**Available data:**
□ □ □ □
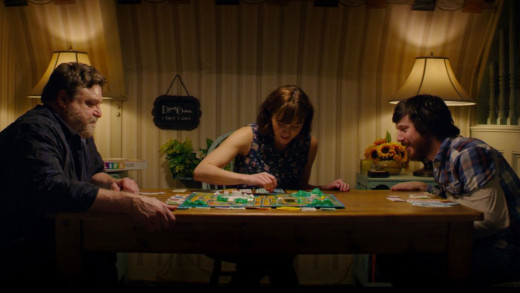 The group playing a board game to pass the time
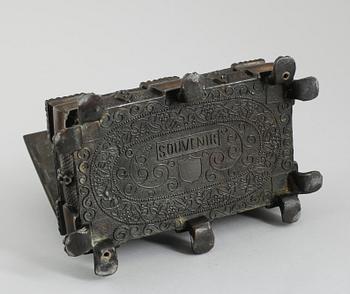 SKRIN, bronserad metall, 1800-talets andra hälft.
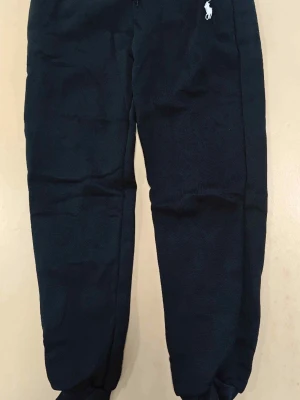 Svarta mjukisbyxor Ralph lauren  - Svarta mjukisbyxor med resår i benslut och midja samt dragsko. Byxorna har sidofickor och en liten vit logga broderad framtill. Tillverkade i mjukt och bekvämt material, perfekta för chill dagar eller träning.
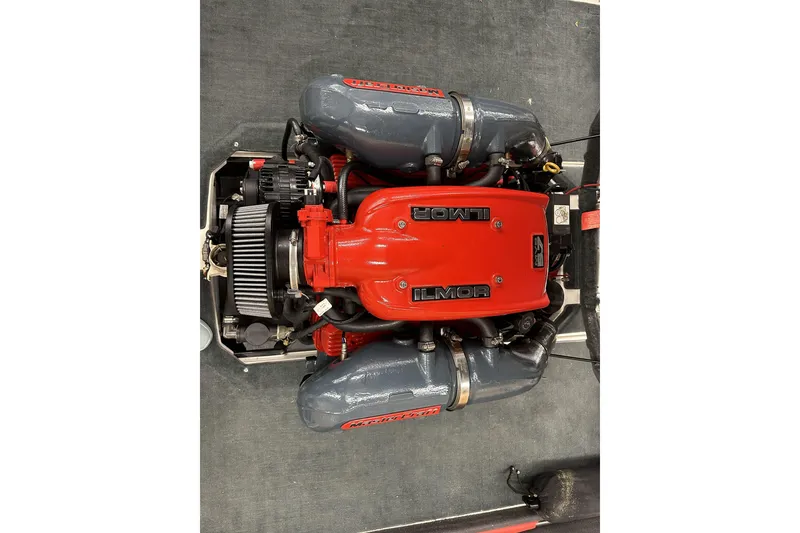 Slide: The Image of 2015 MasterCraft ProStar Ilmor engine, red and gray components, top view. - 7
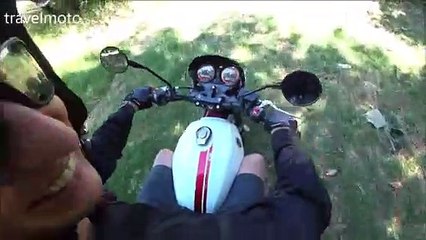 riding on the street the SYM WOLF 300cc cafe racer motorcycle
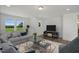 Relaxing bonus room with a sofa, coffee table, and large screen TV at 1817 Ballard Rd # Selma English Country, Fuquay Varina, NC 27526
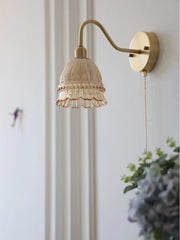 Wall-mounted lamp with decorative glass shade and brass fixture on a white wall.
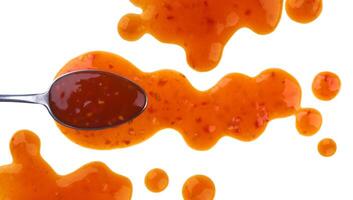 Splach of sweet and sour sauce with spoon isolated on white background. Top view photo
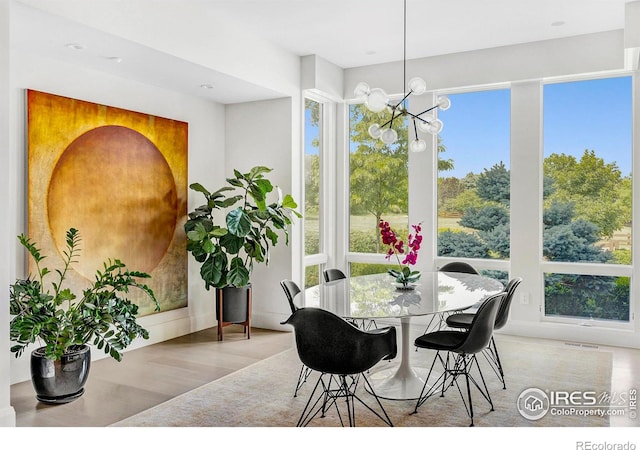 dining area with light hardwood / wood-style flooring and a chandelier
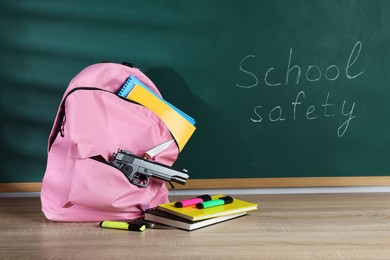 Photo of Backpack with gun, knife and stationery on wooden table near blackboard. School safety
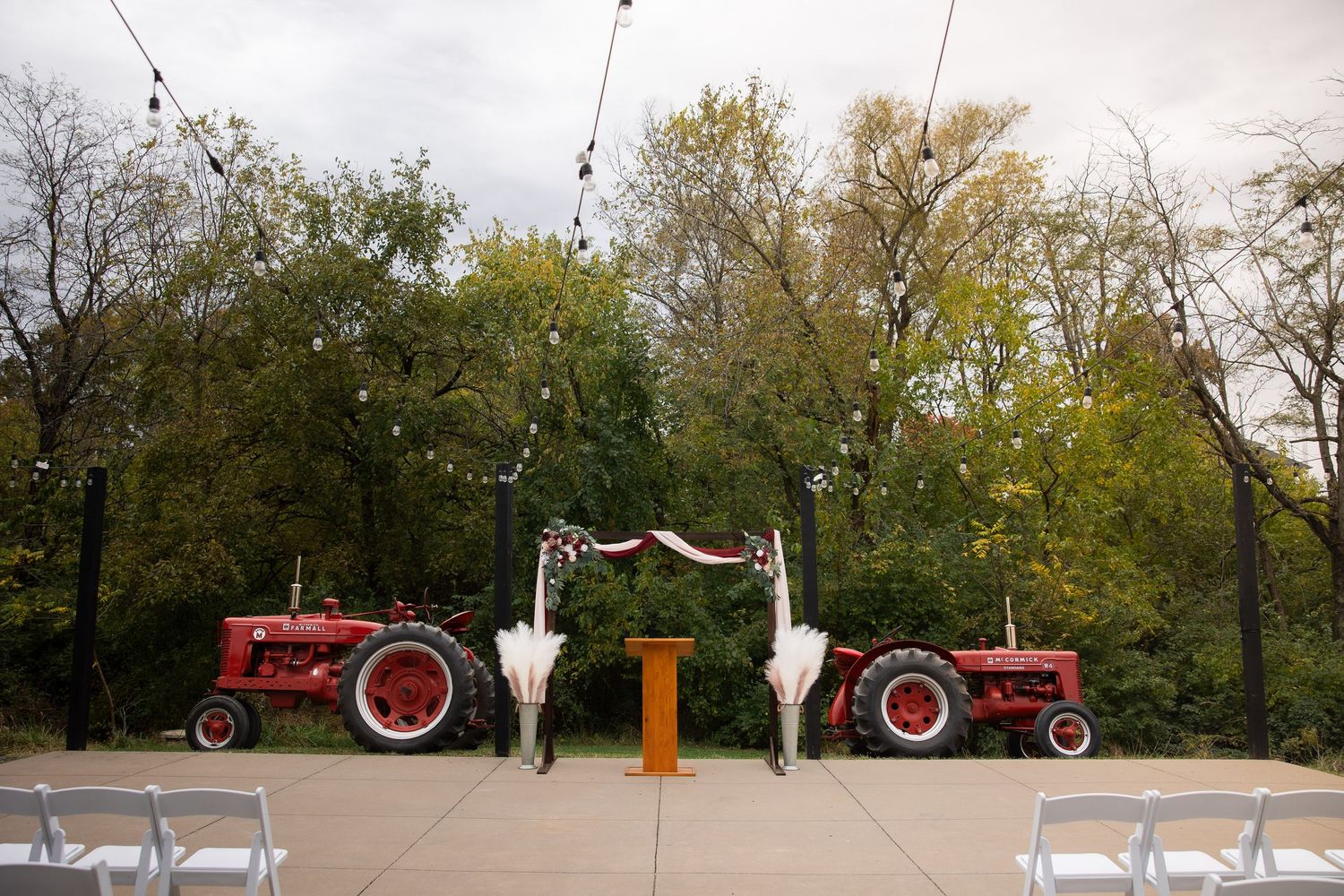 A panoramic view shows tractors and farm equipment arranged in a line along a tree-lined path during autumn.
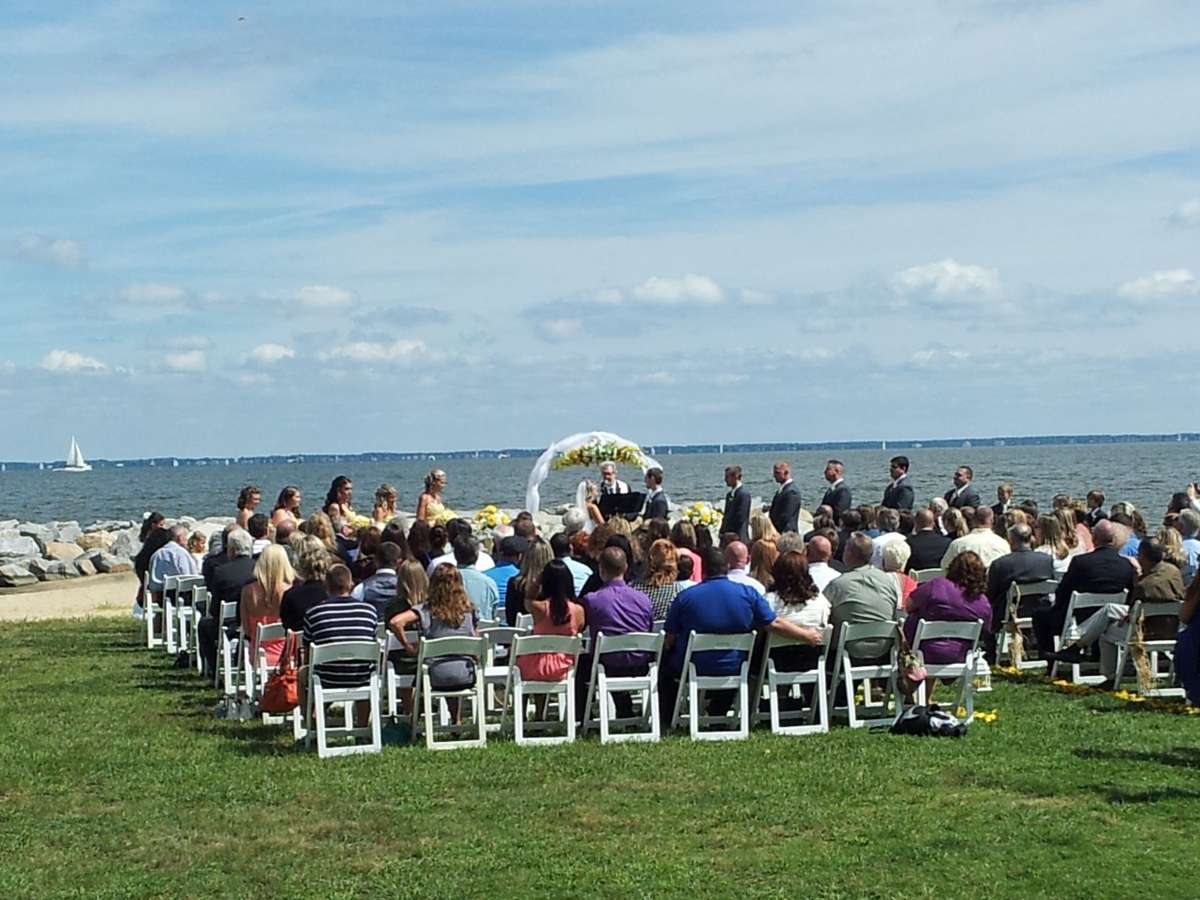 Wedding ceremony with a large group of people taking place outdoors on the grass by the water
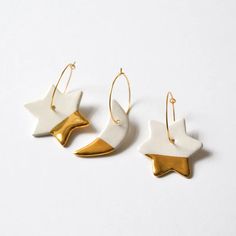 two white and gold earrings with stars on them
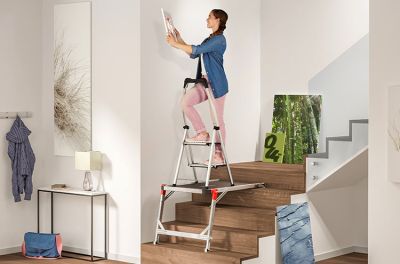 A person hangs a picture in the stairway while standing on a folding step that is placed on a stairs platform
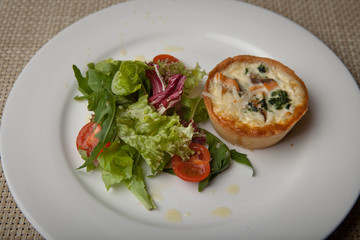 julienne in tartlet with salad and tomatoes on a white plate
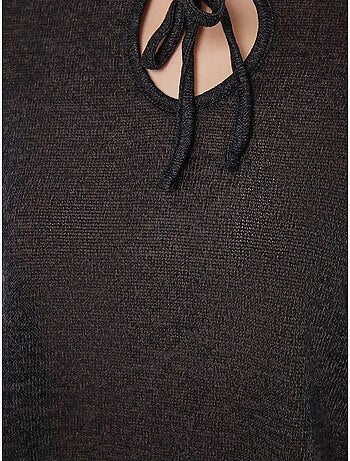 Blusa holgada de punto con cuello redondo y detalle de lazo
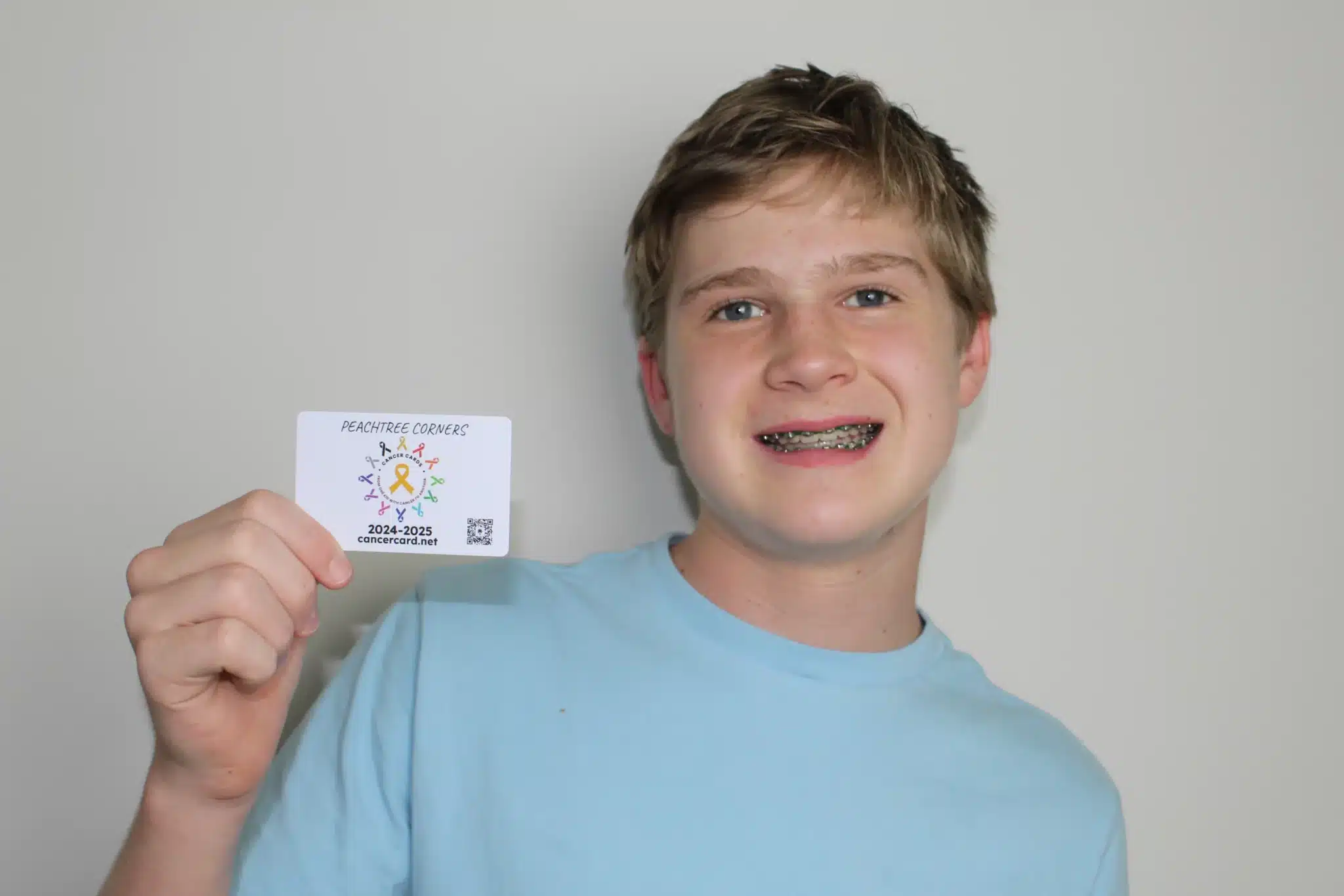 Teen boy holding a card and smiling at the camera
□ □ □ □
**What to do:** Without including any picture, set down the listing above exactly as it appears.

**Final answer:**
 The group playing a board game to pass the time
 SKRIN, bronserad metall, 1800-talets andra hälft.
 Svarta mjukisbyxor Ralph lauren  - Svarta mjukisbyxor med resår i benslut och midja samt dragsko. Byxorna har sidofickor och en liten vit logga broderad framtill. Tillverkade i mjukt och bekvämt material, perfekta för chill dagar eller träning.
 Slide: The Image of 2015 MasterCraft ProStar Ilmor engine, red and gray components, top view. - 7
 riding on the street the SYM WOLF 300cc cafe racer motorcycle
 Relaxing bonus room with a sofa, coffee table, and large screen TV at 1817 Ballard Rd # Selma English Country, Fuquay Varina, NC 27526
 Wall-mounted lamp with decorative glass shade and brass fixture on a white wall.
 Splach of sweet and sour sauce with spoon isolated on white background. Top view photo
 dining area with light hardwood / wood-style flooring and a chandelier
 Photo of Backpack with gun, knife and stationery on wooden table near blackboard. School safety
 A panoramic view shows tractors and farm equipment arranged in a line along a tree-lined path during autumn.
 Wedding ceremony with a large group of people taking place outdoors on the grass by the water
 two white and gold earrings with stars on them
 A person hangs a picture in the stairway while standing on a folding step that is placed on a stairs platform
 julienne in tartlet with salad and tomatoes on a white plate
 Blusa holgada de punto con cuello redondo y detalle de lazo
 Teen boy holding a card and smiling at the camera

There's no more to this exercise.